Malta’s investment regulations could be considered tighter than UK rules nowadays, as unregulated investments and esoteric funds are now all but banned. This isn’t the case in the UK yet, but I expect this to improve.
This confusion has meant most QROPS transfers are only approved if the client has completed a ‘Money Helper’ appointment. This isn’t a problem, but it adds to the time to complete the transfer. A good adviser can help guide you through the process, although it’s important to note that the adviser shouldn’t sway the individual.
The flag system is constantly monitored and updated; however, work still needs to be done.
Our view
When QROPS were first introduced, a minimum transfer amount of at least £80,000 was thought appropriate. In most cases, this minimum should now be higher. Non-resident SIPP plans have developed over time and can now compete with QROPS in terms of the sophistication of online investment platforms and are generally lower cost.
Some people still prefer the QROPS option; lower cost versions are available for ‘lite’ plans. Generally, unless the individual has a potential Lifetime Allowance issue, a non-resident SIPP will usually provide everything needed.

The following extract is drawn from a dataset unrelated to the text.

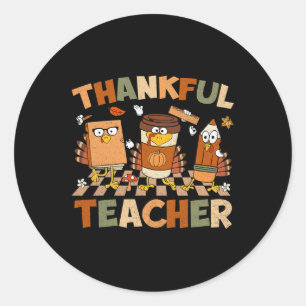 Sticker Rond Merci Professeur Retro Super Thanksgiving Fall Wig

The most important issue for everyone is full disclosure of fees and charges. Any slight advantage one route has over the other can be dwarfed by excessive charges if advisers won’t or can’t tell you exactly how much each element of the pension structure costs. In particular, real fund fees are often hidden and subject to obfuscation.
There are advantages to both routes. What matters most is how they apply to each individual.